Start of Raw data
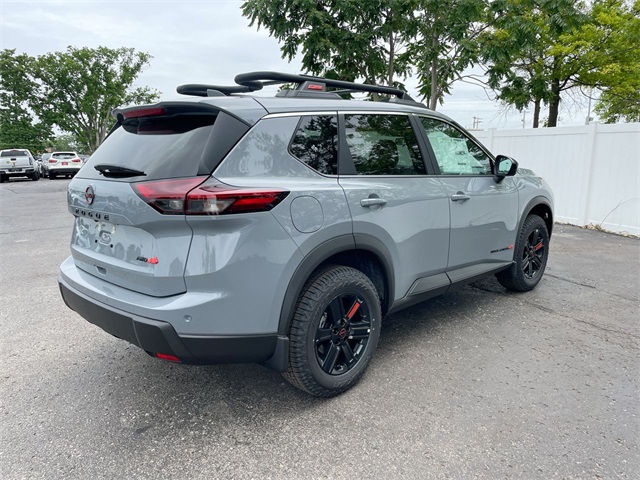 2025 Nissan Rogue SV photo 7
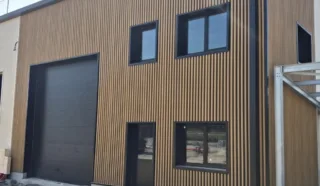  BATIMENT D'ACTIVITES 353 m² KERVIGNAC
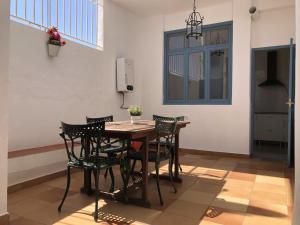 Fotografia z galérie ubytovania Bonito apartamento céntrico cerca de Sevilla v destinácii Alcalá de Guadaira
End of Raw data
• [Task statement]: Leaving out every picture, extract verbatim the lines from the one containing "BATIMENT D'ACTIVITES 353 m² KERVIGNAC" through the last line of the listing, inclusive.

• [Response area]:
  BATIMENT D'ACTIVITES 353 m² KERVIGNAC
 Fotografia z galérie ubytovania Bonito apartamento céntrico cerca de Sevilla v destinácii Alcalá de Guadaira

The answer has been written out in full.